** Opening EXTRACTED MATERIAL block **
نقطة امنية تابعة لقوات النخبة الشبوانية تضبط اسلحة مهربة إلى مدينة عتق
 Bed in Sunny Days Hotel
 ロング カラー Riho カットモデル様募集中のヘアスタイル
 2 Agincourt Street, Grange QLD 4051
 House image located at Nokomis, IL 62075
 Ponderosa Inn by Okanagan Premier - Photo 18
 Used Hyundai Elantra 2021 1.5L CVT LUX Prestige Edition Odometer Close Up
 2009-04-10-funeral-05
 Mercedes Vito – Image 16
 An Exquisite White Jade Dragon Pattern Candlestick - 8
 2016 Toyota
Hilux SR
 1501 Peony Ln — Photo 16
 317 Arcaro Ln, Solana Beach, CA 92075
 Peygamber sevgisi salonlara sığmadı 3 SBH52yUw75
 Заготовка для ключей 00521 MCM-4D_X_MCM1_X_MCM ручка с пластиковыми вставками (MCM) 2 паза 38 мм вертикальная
** Closing EXTRACTED MATERIAL block **
Return every entry exactly.

نقطة امنية تابعة لقوات النخبة الشبوانية تضبط اسلحة مهربة إلى مدينة عتق
 Bed in Sunny Days Hotel
 ロング カラー Riho カットモデル様募集中のヘアスタイル
 2 Agincourt Street, Grange QLD 4051
 House image located at Nokomis, IL 62075
 Ponderosa Inn by Okanagan Premier - Photo 18
 Used Hyundai Elantra 2021 1.5L CVT LUX Prestige Edition Odometer Close Up
 2009-04-10-funeral-05
 Mercedes Vito – Image 16
 An Exquisite White Jade Dragon Pattern Candlestick - 8
 2016 Toyota
Hilux SR
 1501 Peony Ln — Photo 16
 317 Arcaro Ln, Solana Beach, CA 92075
 Peygamber sevgisi salonlara sığmadı 3 SBH52yUw75
 Заготовка для ключей 00521 MCM-4D_X_MCM1_X_MCM ручка с пластиковыми вставками (MCM) 2 паза 38 мм вертикальная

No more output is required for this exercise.